If you own borosilicate Pryex dishe s no fear. They have to be more than 25 years old to be sure they are indeed Corning dishes. I am not sure if the old Pryex dishes have anything stamped in them that indicates they are made by Corning. You may continue to use the soda lime dishes for holding stuff. Just do not attempt to roast or microwave with them as the hazard is very clear.

The reason the soda lime dishes let go is that over time they
develop micro-cracks. Once a few micro-cracks are present and once some liquid finds its way into the cracks you have the bomb situation. The liquid is like shoving a crowbar in the dish and pulling it apart. Super heated liquids expand rapidly and it is the super heated liquids that force the soda lime glass to shatter into tens of thousands of shards.

Since Corning no longer makes Pyrex and Sylvia proudly holds a
large collection of the soda lime Pyrex, we decided that one bomb in the kitchen is enough. The Pyrex dishes will go bye-bye in this week’s trash. I do not know what we will use for cake and pie dishes going forward . If you have some suggestions we are listening.

I strongly urge you not to use the soda lime Pyrex for the oven, stovetop or microwave. The slightest invisible crack is all it takes to have a mess and a possible injury.

As to World Kitchen: them and their cheap dishes. In case
you are wondering: World Kitchen is not a USA company.
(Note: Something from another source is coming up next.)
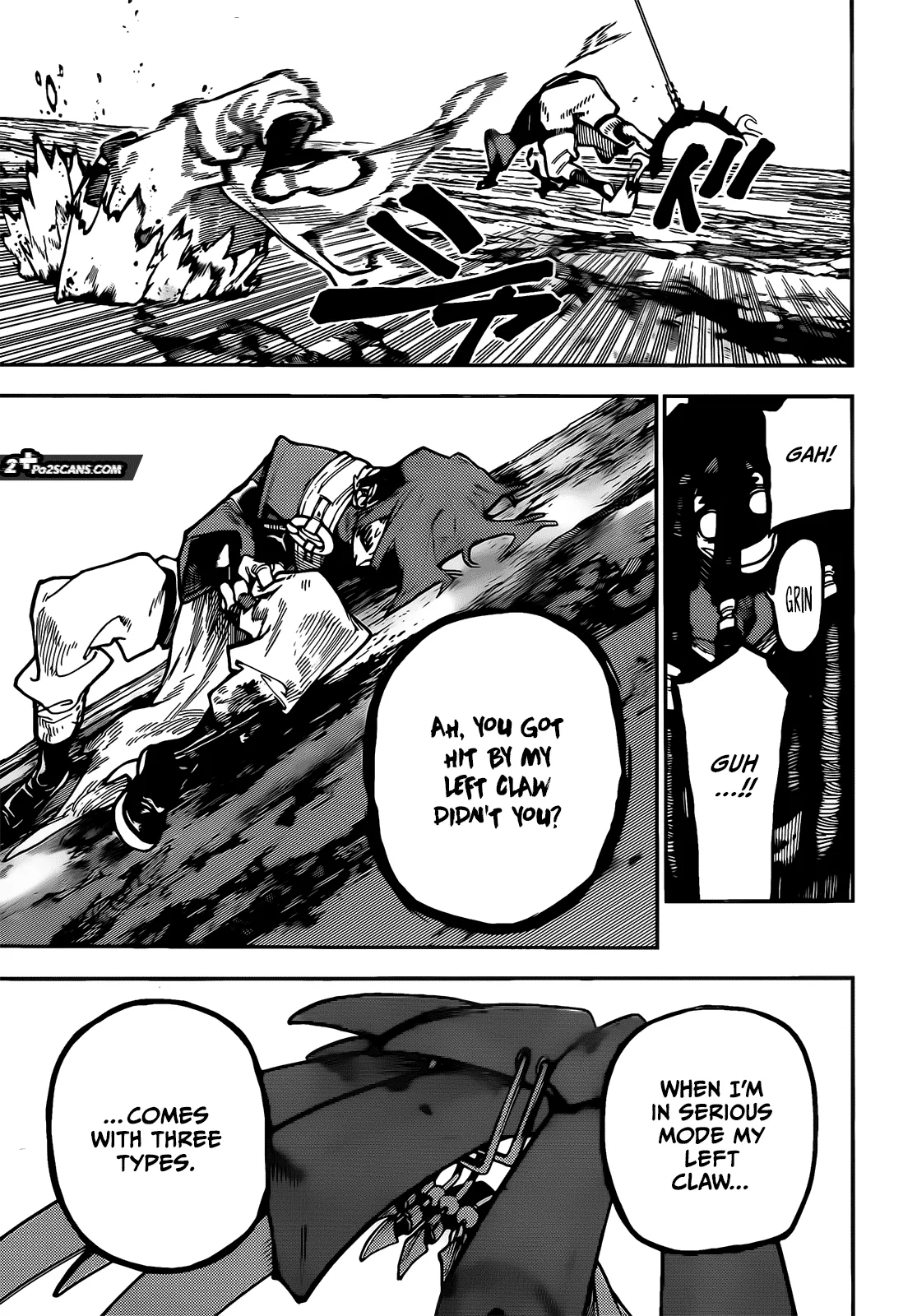 Gachiakuta Chapter 56 page 16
You are not going to believe this. Last week it happened to me!!!!! I put a Pyrex casserole dish in my microwave with a little butter in the bottom to warm. It was not in there more than 10 to 15 seconds at the most when it exploded like a bomb in a million pieces all over my microwave. I mean exploded. Unbelievable! I googled and found thousands of other cases, but no where to call to complain (I wonder why). It was a cranberry colored 9X13 microwavable (supposedly) dish. I will never buy Pyrex again. We are just lucky it was contained in the micro, but still had a huge mess. I am going to forward your message to get the message out. I have had this dish for several years. It was cranberry and it had a plastic lid that you could cover it with to take places or put in the fridge. It’s my last Pyrex. There were people that had them explode as they removed them from the oven, on the table, where glass flew all over the kitchen and ruined floors, etc.